INPUT DATA section start

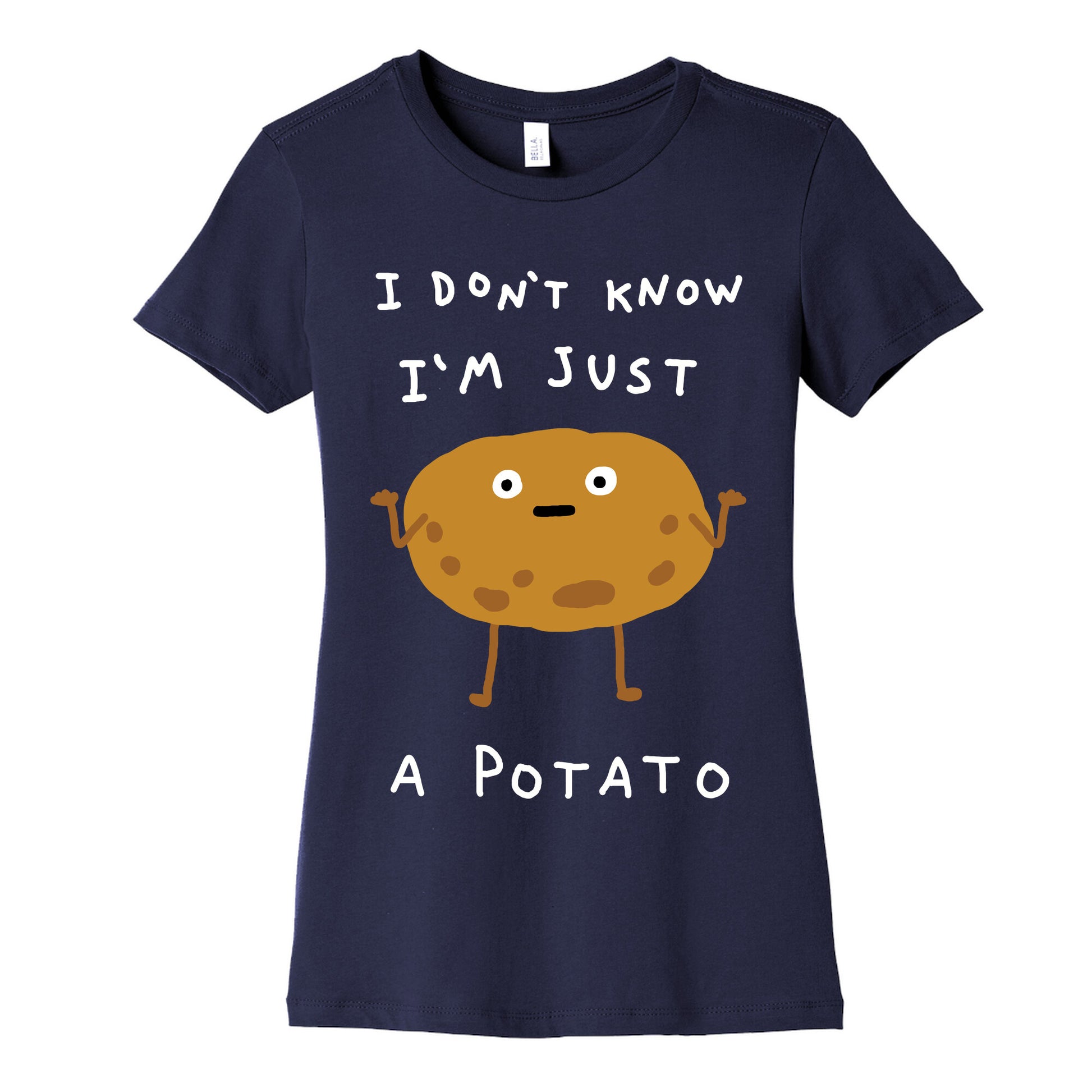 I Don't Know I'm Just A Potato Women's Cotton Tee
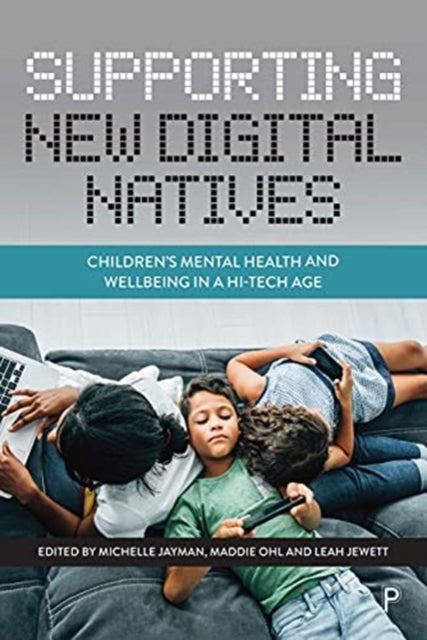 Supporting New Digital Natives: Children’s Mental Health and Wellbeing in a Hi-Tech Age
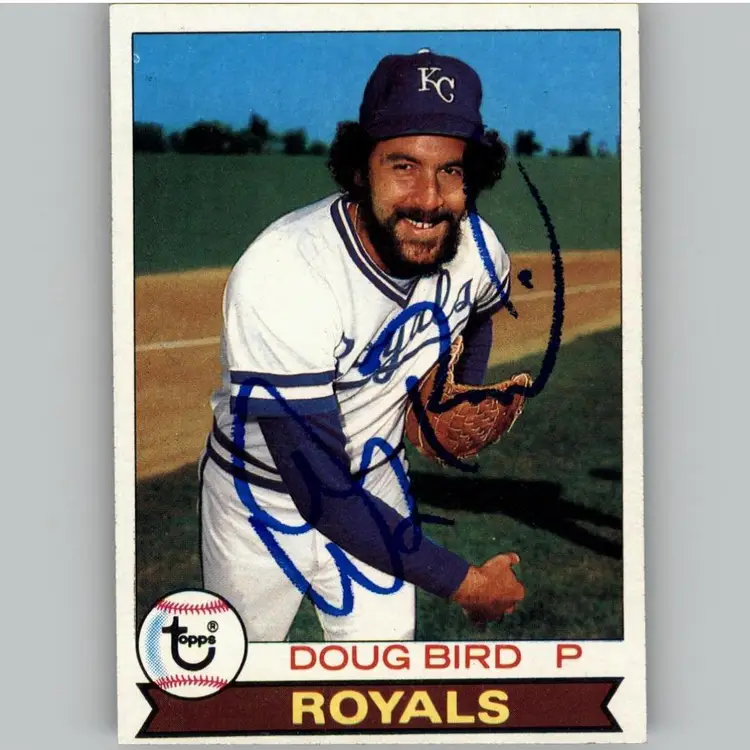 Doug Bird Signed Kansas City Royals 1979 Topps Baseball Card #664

INPUT DATA section end
INPUT DATA section start

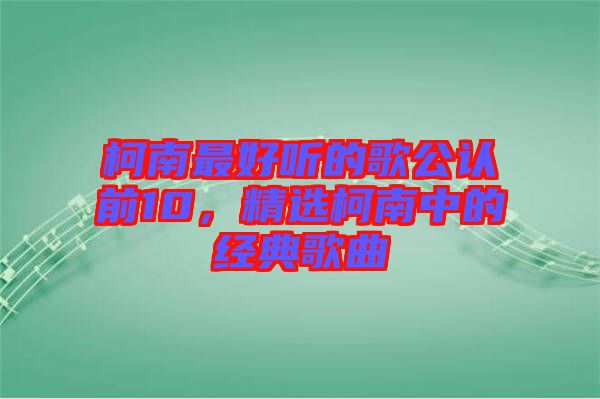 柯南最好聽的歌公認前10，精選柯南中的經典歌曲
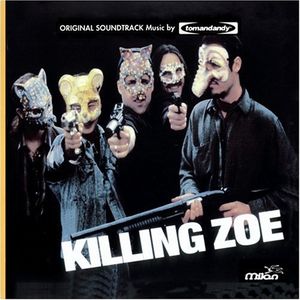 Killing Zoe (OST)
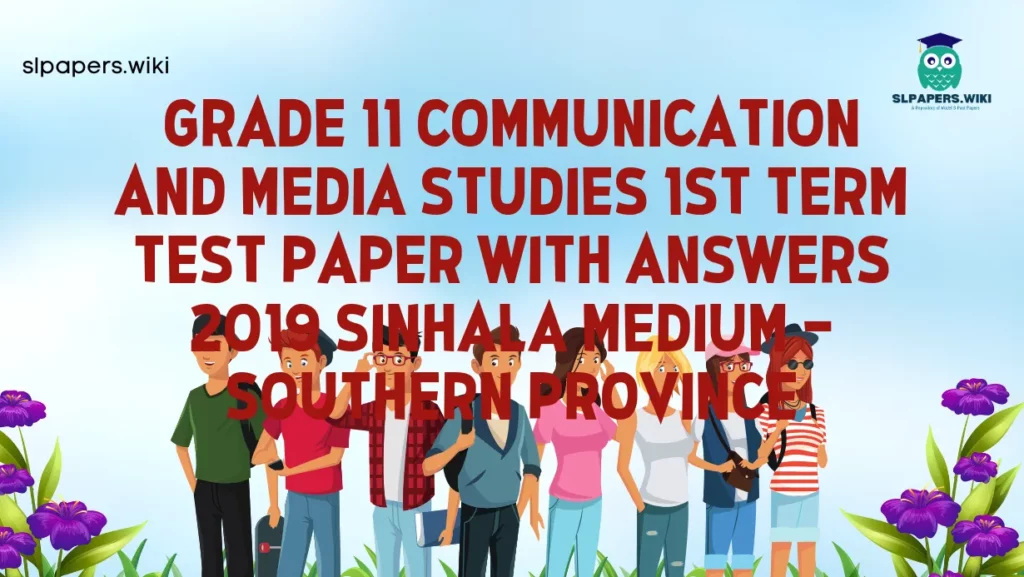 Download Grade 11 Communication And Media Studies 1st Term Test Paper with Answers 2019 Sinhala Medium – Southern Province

INPUT DATA section end

_ASSIGNMENT_. In the listing above, find the line containing "Killing Zoe (OST)" and the line containing "Download Grade 11". Print those two lines and every line between them exactly, with no pictures.

_EXERCISE RESPONSE_.
 Killing Zoe (OST)
 Download Grade 11 Communication And Media Studies 1st Term Test Paper with Answers 2019 Sinhala Medium – Southern Province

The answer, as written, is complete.